Non mi considero un allenatore, un grande motivatore o chissà cos’altro. Però sono un ragazzo che studia, applica su ste stesso quello che impara e dopo aver sbattuto il muso ci riprova! Il fatto che una persona si sia fidata di me e mi abbia dato l’opportunità, la voglia e il tempo per accompagnarla verso un traguardo, la considero una cosa enorme. Soprattutto se questa persona sono 7 mesi che vive con te e sa benissimo quali siano le tue “qualifiche” le tue idee e quello che fai tutti i giorni per imparare sempre qualcosa di nuovo.
 

CHI E’ L’ALLENATORE?

Molte volte non ci pensiamo, ma quando scegliamo un allenatore stiamo dando a una persona un ruolo importantissimo nella nostra vita! Non ricordo chi mi disse: “per un bambino dai 12-15 anni che sogna di fare del suo sport la sua vita, quello che gli dice l’allenatore è molto più importante di quello che gli dice un suo genitore!
 
All’inizio ero un po’ scettico riguardo a questa frase ma a pensarci bene per me è stato così.
 
E anche crescendo le cose non cambiano molto. Sempre che tu segua il tuo allenatore in quello che ti dice di fare. Molti amatori scelgono un coach e poi finiscono per fare di testa loro. Perché?! Che senso ha? Forse perchè non condividono le stesse idee; pensano che si stiano allenando troppo poco o troppo; non si fidano di questa persona o altri mille motivi. In questi casi c’è un problema di fondo. Devi pensare che se raggiungi il tuo obiettivo, il tuo allenatore è felice quanto te e, se è possibile, anche di più! Non ti vede come un’entrata fiscale a fine mese ma come una persona con dei sogni!
 
Crescendo magari inizierai a studiare e pensare un po’ di più con la tua testa su alcune cose, ma comunque devi scegliere un allenatore che stimi, di cui hai la piena fiducia, da cui vuoi e sai che potrai imparare molto!
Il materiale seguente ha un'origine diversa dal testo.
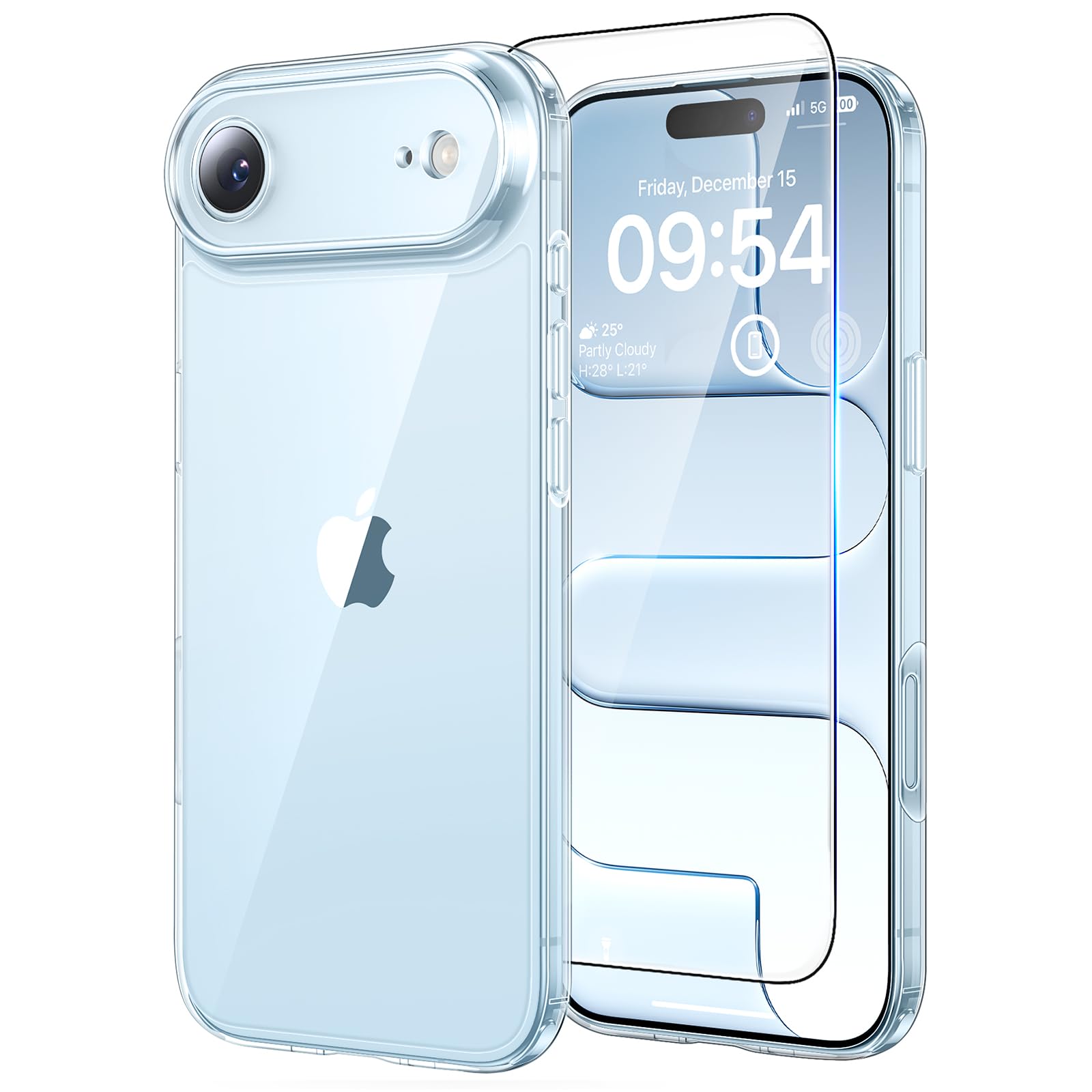 Photo 1 of TAURI for iPhone Air Case, Full Camera Protection with Screen Protector, Anti-Yellowing Military-Grade Protection Shockproof Slim Phone Case for iPhone 17 Air 6.5 inch, Clear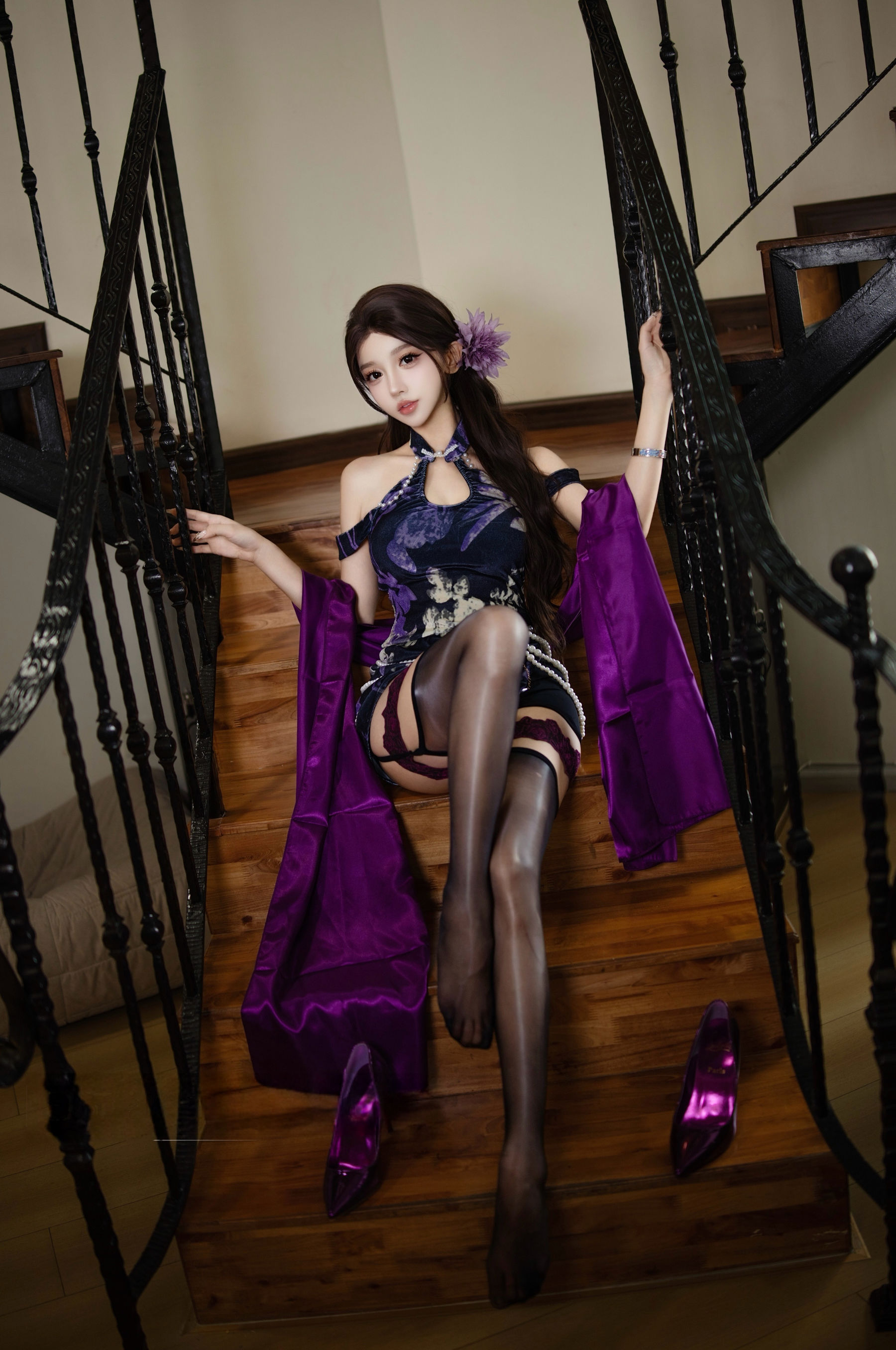 [COSPLAY]过期米线线喵 – 紫韵旗袍 第 17 张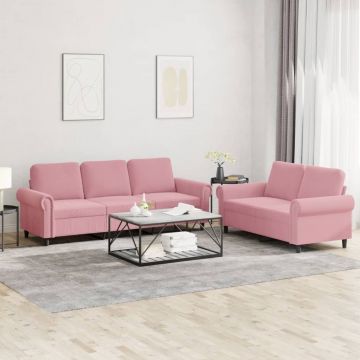 vidaXL Set de canapele cu perne, 2 piese, roz, catifea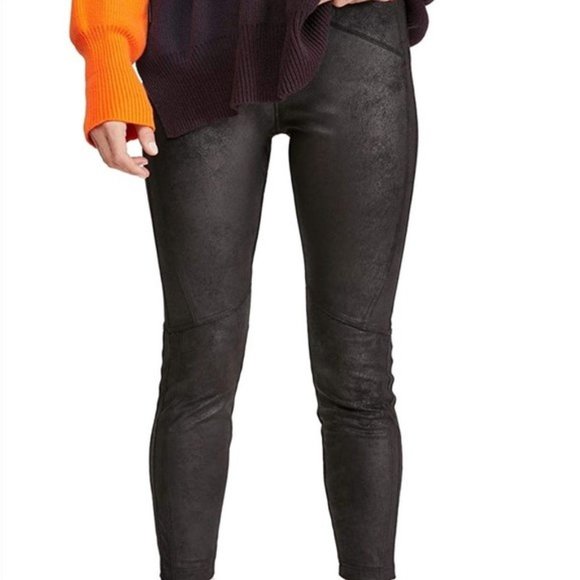 Free People Midnight NWT Vegan Faux Suede Black Leggings Size Small - Picture 10 of 16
Solo in questo modo si possono raggiungere grandi risultati insieme.
 
Con questo non voglio dire che Jack pensi tutte queste cose di me ma sicuramente non avesse avuto un po’ di fiducia nei miei confronti non avrebbe messo la sua integrità fisica nelle mie mani!
 
Un giorno dopo sul treno di ritorno mi ha detto: “ho deciso che non voglio fermarmi e perdere tutto l’allenamento fatto. Però devi dirmi come fare!” Questa frase è un’altra prova che il lavoro fatto insieme è stato bello e importante!
 
Tutto questo è stato il MIO grande risultato di Domenica 25 Marzo alla Liverpool Half Marathon.